So the Bulenese want the Bali Dog and the Balinese want the breed dog. On the surface of things it would appear to be a simple transference of preference in regard to new and old. However nothing is ever simple when it comes to what resonates in the human psyche.
For those foreigners who get hooked on Island Bali, the Bali Dog appears to represent a direct embodiment of that initial full blown waft of welcoming incense, mixed in with rhythmic gamelan tones, all of it wrapped up in an ancient four legged feral friend. It really is that simple for those of that ilk, those crazy connected souls who feel the pull of a humid homeland, a coming home belief that maybe they were of some Eastern lineage in a previous incarnation. A tiredness of first world glam and sham appears to create a yearning for a hairless and furless developing world reality, maybe.
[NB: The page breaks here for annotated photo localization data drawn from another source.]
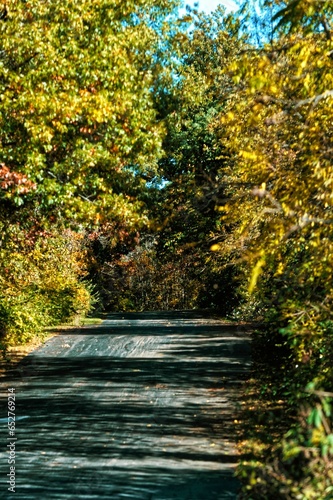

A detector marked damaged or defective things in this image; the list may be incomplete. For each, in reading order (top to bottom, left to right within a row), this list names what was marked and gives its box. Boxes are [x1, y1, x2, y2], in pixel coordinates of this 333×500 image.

crack in asphalt [0, 310, 249, 498]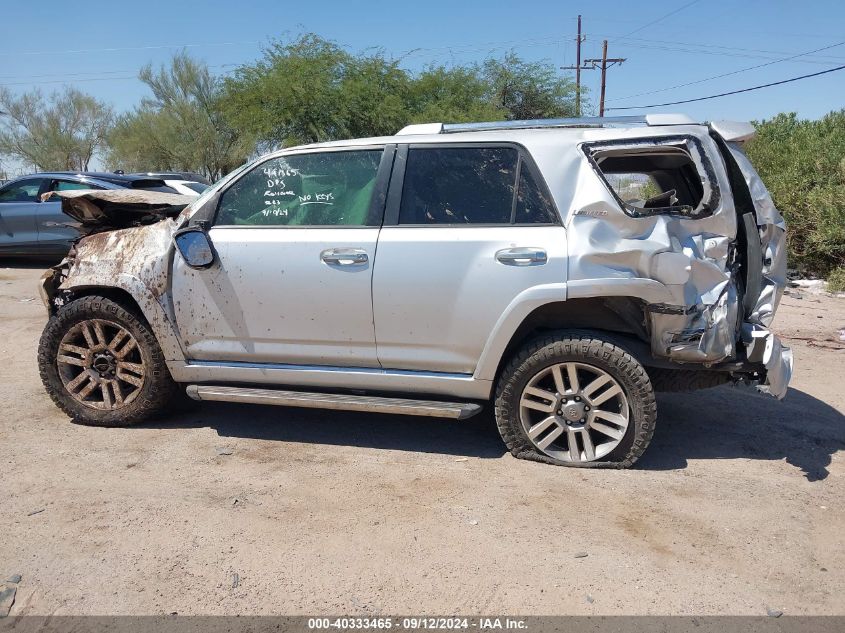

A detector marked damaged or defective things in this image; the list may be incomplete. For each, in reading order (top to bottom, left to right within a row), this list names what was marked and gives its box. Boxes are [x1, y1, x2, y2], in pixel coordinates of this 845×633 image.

torn sheet metal [44, 190, 195, 237]
broken rear side window [584, 137, 716, 218]
damaged car in background [36, 116, 792, 466]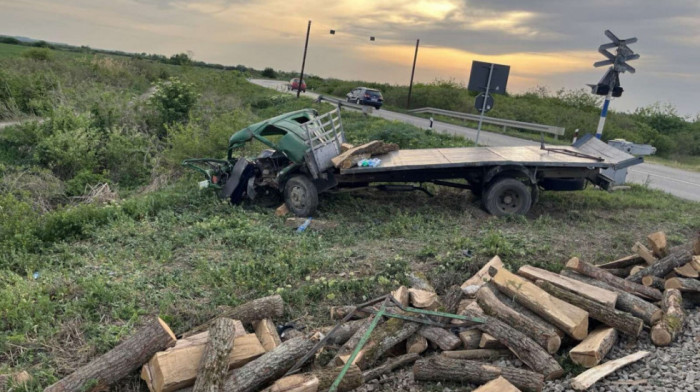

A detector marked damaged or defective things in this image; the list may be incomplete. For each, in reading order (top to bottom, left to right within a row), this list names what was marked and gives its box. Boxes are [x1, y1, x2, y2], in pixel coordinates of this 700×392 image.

wrecked green truck [183, 107, 644, 217]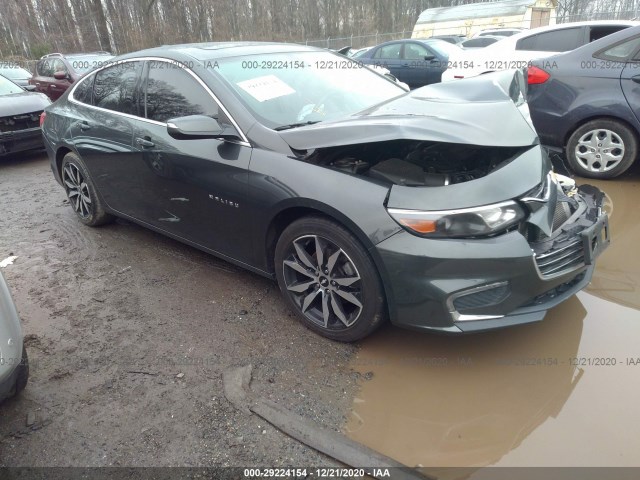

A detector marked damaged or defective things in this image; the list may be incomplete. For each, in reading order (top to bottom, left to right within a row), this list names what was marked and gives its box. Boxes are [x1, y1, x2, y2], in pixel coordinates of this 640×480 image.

crumpled hood [0, 91, 50, 118]
crumpled hood [278, 69, 536, 150]
damaged gray sedan [41, 42, 608, 342]
exposed headlight [384, 200, 524, 237]
damaged front bumper [376, 178, 608, 332]
detached bumper cover [376, 182, 608, 332]
damaged radiator support [221, 366, 436, 478]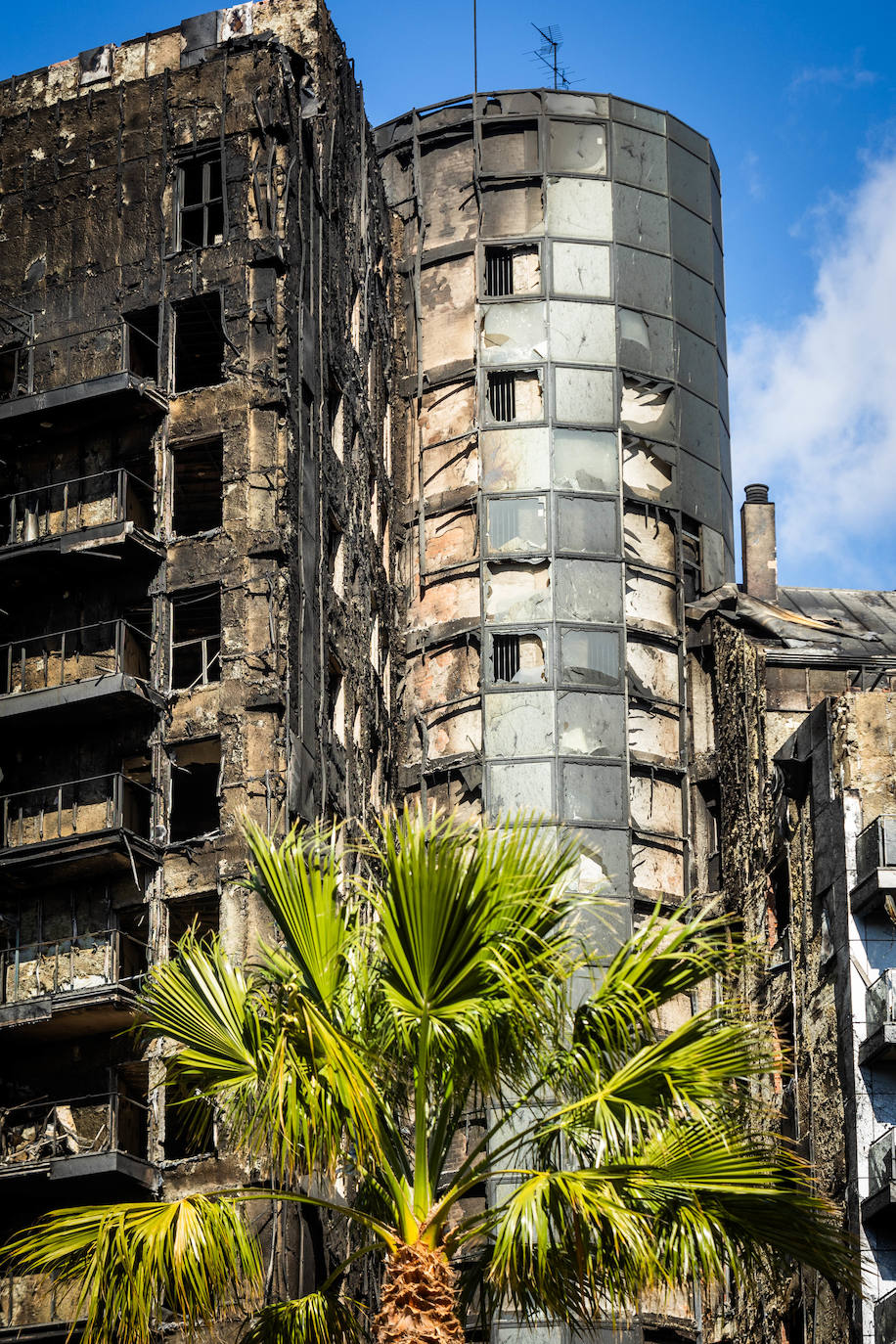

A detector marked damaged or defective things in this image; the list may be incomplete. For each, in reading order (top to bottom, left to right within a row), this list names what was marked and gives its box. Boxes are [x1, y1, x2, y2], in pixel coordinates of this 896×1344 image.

broken window pane [483, 120, 540, 174]
broken window pane [548, 120, 609, 174]
broken window pane [175, 150, 222, 252]
broken window pane [480, 182, 542, 238]
broken window pane [542, 177, 612, 240]
broken window pane [483, 248, 540, 300]
broken window pane [551, 246, 612, 302]
charred balcony [0, 309, 166, 425]
broken window pane [124, 307, 160, 381]
broken window pane [173, 295, 225, 392]
broken window pane [486, 371, 542, 422]
broken window pane [480, 304, 551, 365]
broken window pane [548, 302, 617, 365]
broken window pane [553, 368, 617, 425]
broken window pane [171, 432, 222, 532]
broken window pane [480, 426, 551, 491]
broken window pane [551, 429, 620, 494]
charred balcony [0, 470, 158, 564]
broken window pane [486, 497, 551, 554]
broken window pane [556, 497, 620, 554]
charred balcony [0, 620, 160, 725]
broken window pane [171, 588, 222, 693]
charred concrete facade [0, 0, 394, 1333]
broken window pane [491, 629, 548, 682]
broken window pane [563, 626, 620, 688]
broken window pane [483, 693, 553, 757]
broken window pane [561, 693, 623, 757]
broken window pane [170, 736, 221, 838]
broken window pane [491, 763, 553, 811]
broken window pane [561, 763, 623, 822]
charred balcony [0, 779, 157, 881]
charred balcony [848, 811, 896, 918]
charred balcony [0, 935, 146, 1037]
charred balcony [859, 972, 896, 1064]
charred balcony [0, 1091, 152, 1187]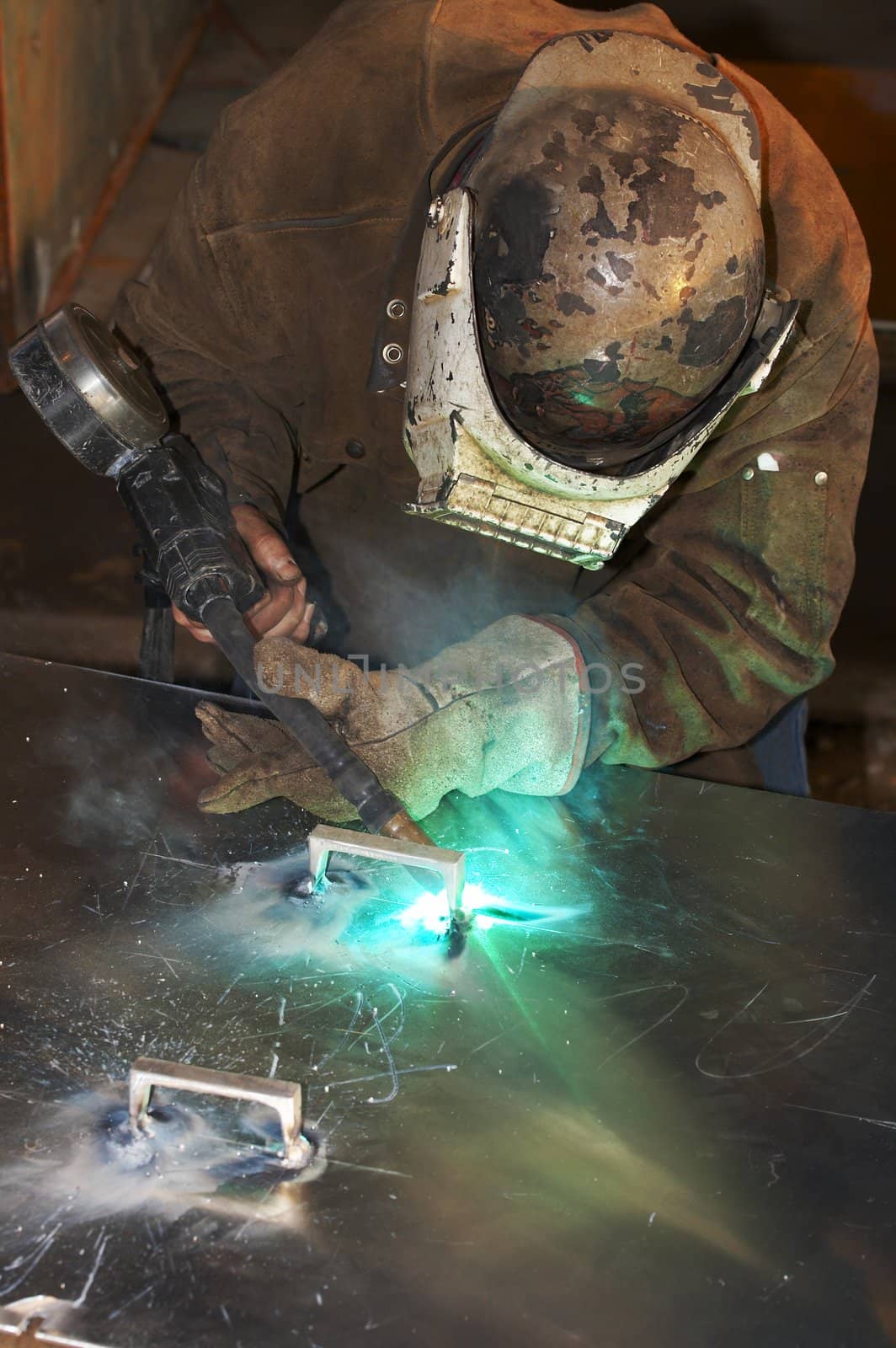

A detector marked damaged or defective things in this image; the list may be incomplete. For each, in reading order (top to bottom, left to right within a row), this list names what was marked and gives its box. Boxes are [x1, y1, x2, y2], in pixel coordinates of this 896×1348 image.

paint-chipped helmet [463, 33, 765, 474]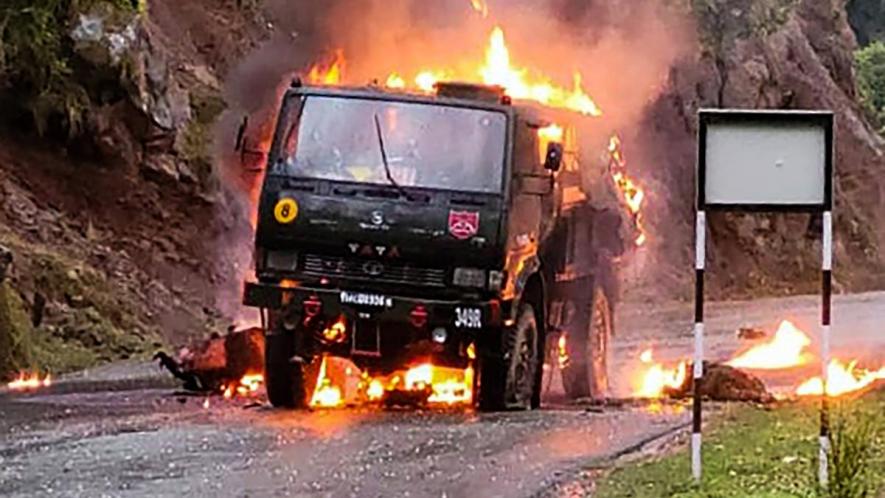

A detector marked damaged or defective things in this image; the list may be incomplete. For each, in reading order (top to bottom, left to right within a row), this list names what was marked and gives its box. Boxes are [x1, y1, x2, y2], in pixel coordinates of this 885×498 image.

burnt object on road [154, 326, 264, 392]
burnt object on road [668, 360, 772, 402]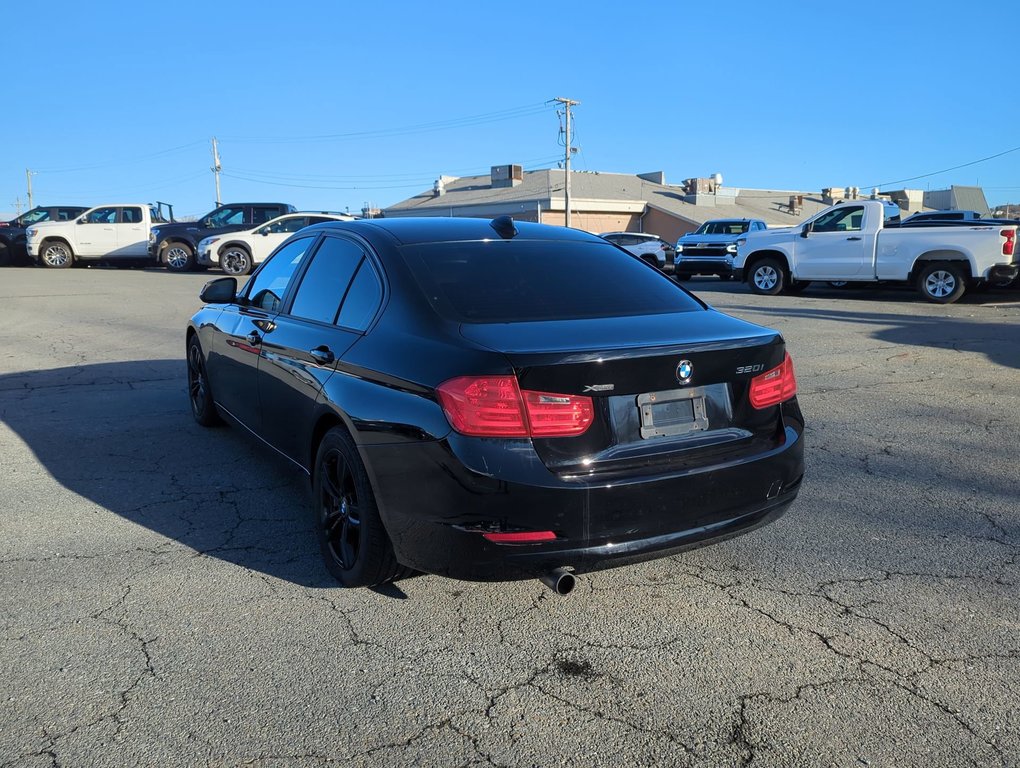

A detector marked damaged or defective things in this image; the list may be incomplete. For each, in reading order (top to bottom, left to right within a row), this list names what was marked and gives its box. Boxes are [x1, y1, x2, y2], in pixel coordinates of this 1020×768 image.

cracked asphalt [0, 266, 1016, 768]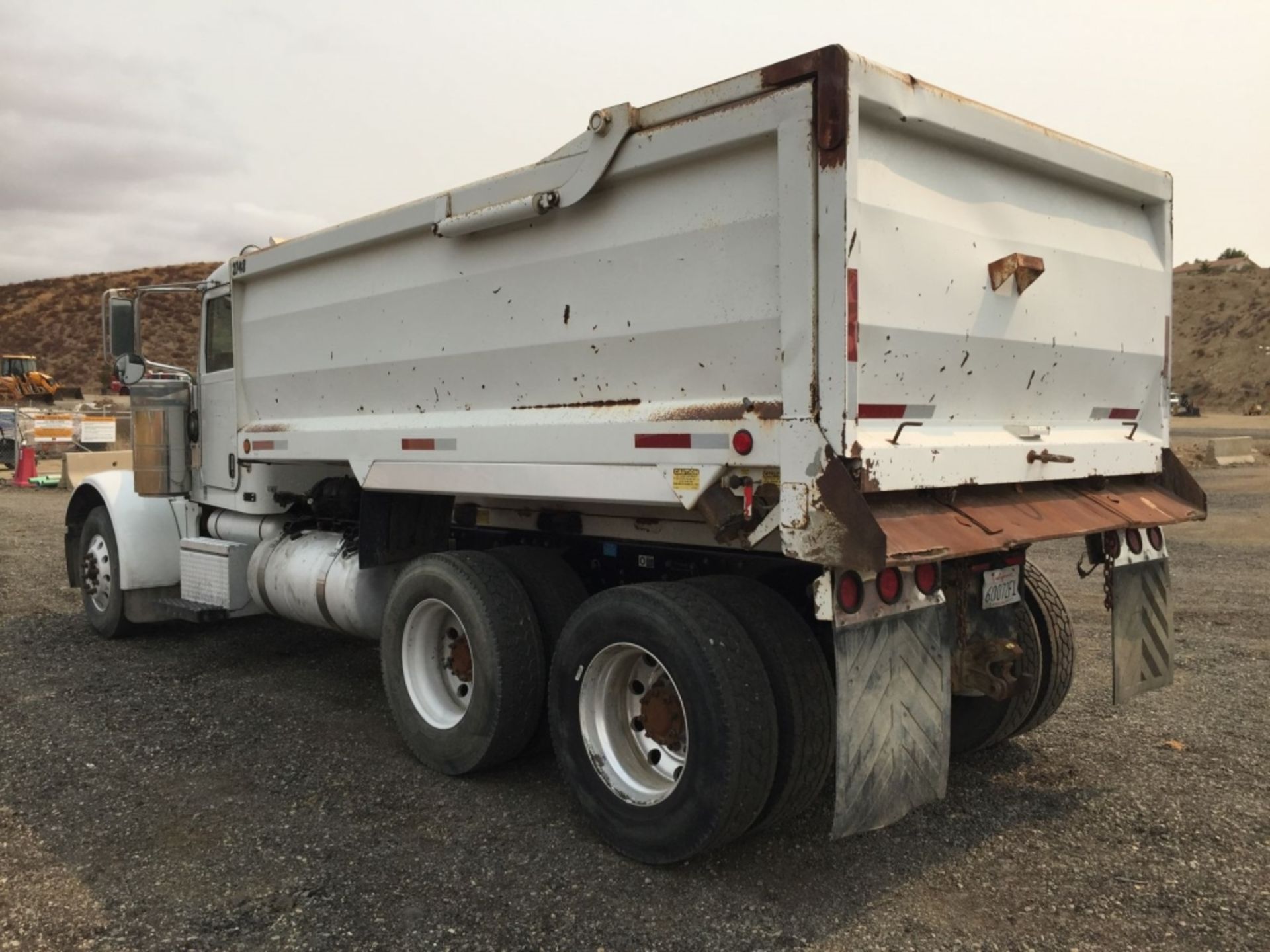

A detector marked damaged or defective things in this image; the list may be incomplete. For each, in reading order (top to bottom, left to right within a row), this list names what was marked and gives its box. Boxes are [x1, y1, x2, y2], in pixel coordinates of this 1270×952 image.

rust stain [757, 45, 847, 169]
rust stain [511, 397, 640, 410]
rust stain [651, 397, 778, 423]
rusty dump bed [863, 452, 1212, 566]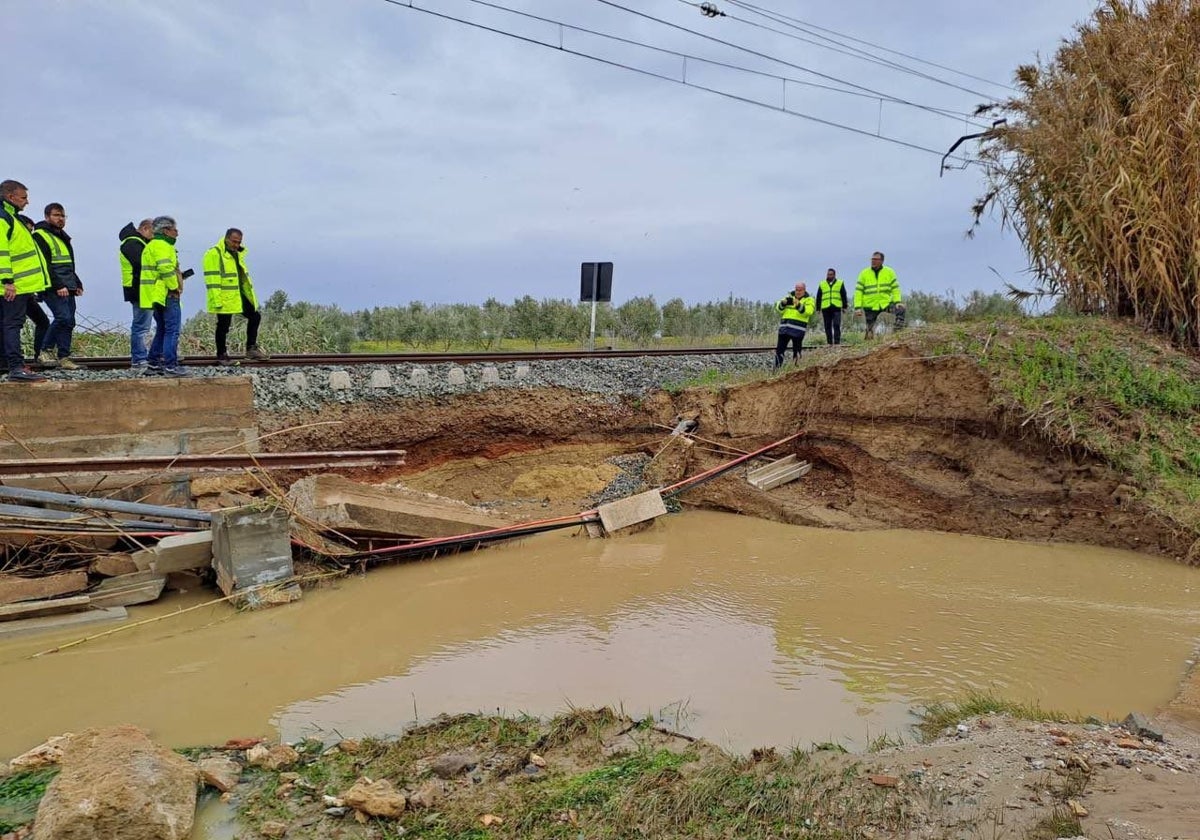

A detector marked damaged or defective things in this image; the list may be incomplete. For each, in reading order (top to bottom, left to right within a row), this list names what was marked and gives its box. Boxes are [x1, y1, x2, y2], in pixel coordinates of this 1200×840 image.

rusty metal rod [0, 448, 408, 475]
broken concrete block [211, 501, 295, 607]
broken concrete block [0, 571, 87, 604]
For the Balinese it would appear to be even simpler, having lived for millennia with the ancient and ordered ways, glam and sham land have been welcomed, voraciously wanted and needed. Foreign breed dogs are the inevitable extension of everything beautiful and valuable, of course. A mangy street mutt is no competition to an exotic Siberian Husky, a barking beast is not nearly as endearing as a pampered Pomeranian and a rabies ridden rat catcher is no match for a luscious Labradoodle.
So, as preference and understanding collide, as culture and upbringing face off and as opposing mentalities merge, there appears to be little negotiation between the psychology of new and old.